Welcome to CS 294-43: Large Scale Vision and Language Models (Fall, 2024)
Course Logistics
- Lectures: M 1:00PM - 3:00PM PDT, Location Berkeley Way West, Room 8019
- Lecture Videos / Remote Participation: Lecture/seminar information will be posted on the course website, but to encourage discussion, will not be recorded. We will provide a way for remote students to participate in the live lectures.
- Contact: Please use email for all course-related questions. If you need to contact the course staff privately, please use the email addresses listed below.
Course Description
Grounded perception is a key feature of future AI, enabling machines to understand and interact with the world through semantic cues and effective communication with humans. The interplay of vision and language has long tantalized AI researchers, and has recently begun to bear considerable fruit. As time and the interest of participants permit, this course will delve into advancements in vision and language models, focusing on the development of large vision and language models. This course will explore cutting-edge techniques for reinforcement learning from human feedback (RLHF), multimodal dialog models, text-to-image and text-to-video generation, understand the scaling laws for large models, and study continual and long-context learning. Additionally, the course will cover retrieval augmented generation, the synergy between vision, language, and robotics, and address critical ethical issues, interpretability, and explainability of AI systems. The overarching goal of the course is to equip students with the background to contribute to research in the rapidly evolving field of foundational vision and language models.
Previous Offerings
Prerequisites
Permission of instructor required for all students, including auditors. Students are expected to have BOTH completed graduate computer vision and/or NLP courses and be engaged in active research on related topics. Limited to 30 participants, with preference given to those actively researching in the area with the most prior course and publishing experience. Please fill out this request form to summarize your background and express your interest in joining the course either for credit or as an auditor. Permission codes will be sent to selected students to register for the course. To ensure full consideration for participation in the course please fill out the form before 8/20/2024.
Course Format
Each weekly meeting will be structured as a seminar-style discussion, with half of the time dedicated to an overview of the week's area and the other half dedicated to a deep dive into a few papers. The course will be organized as follows:
- Lead Presentations: Each week, one or two students will lead the discussion on the week's topic, providing an overview of the area and highlighting key papers. These students will be responsible for preparing a 20-minute overview presentation and leading the discussion.

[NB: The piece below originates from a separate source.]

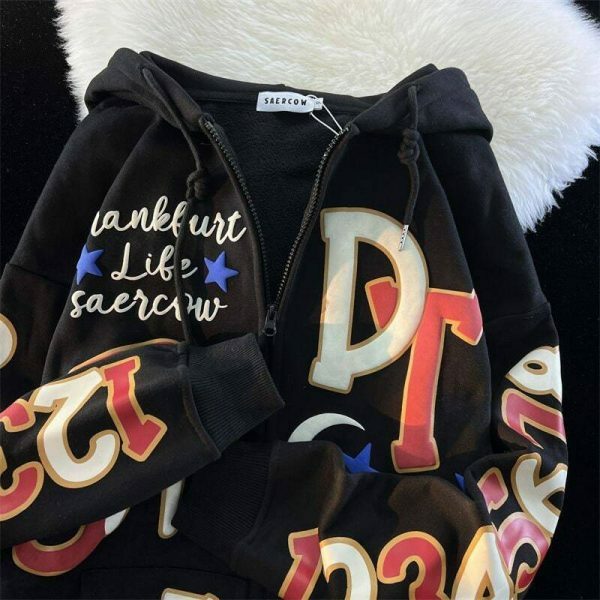 Y2K Oversize Embroidered Zip-Up Hoodie - Kawaii Streetwear Aesthetic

- Weekly Readings / Paper Deep Dives: Each week, the leads will help to select 2-3 papers for a deep dive, with the rest of the class reading these papers in advance. Students will volunteed to present the papers (1 volunteer presenter per paper) in detail, followed by a group discussion.
- Spotlights: Each week, we will also spotlight a few other recent papers in the area, with a brief overview and discussion.
Meeting Format / Times:
- Introduction / background [20 min] [4+ papers]

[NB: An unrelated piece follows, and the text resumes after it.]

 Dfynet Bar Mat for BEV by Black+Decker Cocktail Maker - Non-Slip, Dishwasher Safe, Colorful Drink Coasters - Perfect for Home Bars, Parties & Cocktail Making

- 2-3 papers presented in detail [20 min presentation + 10 min discussion each]
- Spotlights of other latest work [20 min][2 - 4 papers]
Coursework
The following are the requirements for students taking the course for credit.
Points
Every student will be required to earn a total of at least two points throughout the semester. Points can be earned in the following ways:
- Leading a discussion on a week's topic (2 points)
- Presenting a paper in detail (1 point)
- Additional points may be granted by the course instructor based on class participation, helping with organization etc. The option for additional points to be granted by the instructor also allows for flexibility in recognizing and rewarding students for their efforts and contributions beyond leading and presenting.
For all students
In addition to earning at least two points, all students are required to complete the following:
- Active participation in class discussions
- Completion of short response form before each class summarizing the key idea in one or two assigned key papers each week and asking one critical question or making a suggested extension to the work. Additional optional papers will also be covered each week but no response form will be required.
For students taking the course for more than two units
In addition to the above requirements, students taking the course for more than two units will be required to complete a course project. The project can be completed individually or in groups of up to three students. The project will be graded based on the following criteria:
-
[For 3 units] A course project which is one of the following types: new research results and report judged suitable for submission to a CV, NLP, or NeurIPS workshop, a solid replication or reimplementation of existing work, evaluation of existing work on a new dataset, or a literature survey. (Or other format with permission of instructor.)
-
[For 4 units] A course project with new research results and report judged suitable for acceptance at a top CV or NLP conference or journal venue, or a major new open source repository or dataset with high impact for the community.
Auditing
Unfotunately, we do not have the capacity to accommodate auditors in the course, however course materials will be made available online after each meeting. You are welcome to take the couse for two credits as a S/U course, which has a limited workload (see above for coursework requirements).
All students are welcome
We are committed to doing what we can to work for equity and to create an inclusive learning environment that actively values the diversity of backgrounds, identities, and experiences of everyone in the course. It is our expectation that all interactions with course staff and other students will demonstrate appropriate respect, consideration, and compassion for others. Please remember to be friendly and thoughtful; our community draws from a wide spectrum of valuable experiences. For further reading, please reference the Berkeley Principles of Community and Berkeley Campus Code of Student Conduct.
Special Accommodations
We will provide appropriate accommodations to all students enrolled in Berkeley's Disabled Students Program (DSP). To ensure that you receive the appropriate accommodations, have your DSP specialist submit a letter confirming your status and accommodations. If you're not enrolled in DSP, or are in the process of being onboarded by DSP, you may still be eligible for accommodations (such as extended time on exams or extended deadlines). You may also be eligible for accommodations if serious extenuating circumstances should come up during the semester. If you believe you may require accommodations, please contact us. All DSP and accommodations-related materials for this course are kept in a repository separate from the rest of the course materials that is visible only to the instructors, selected staff, and staff course managers. For any DSP and accommodations-related communications, please reach out to an instructor directly.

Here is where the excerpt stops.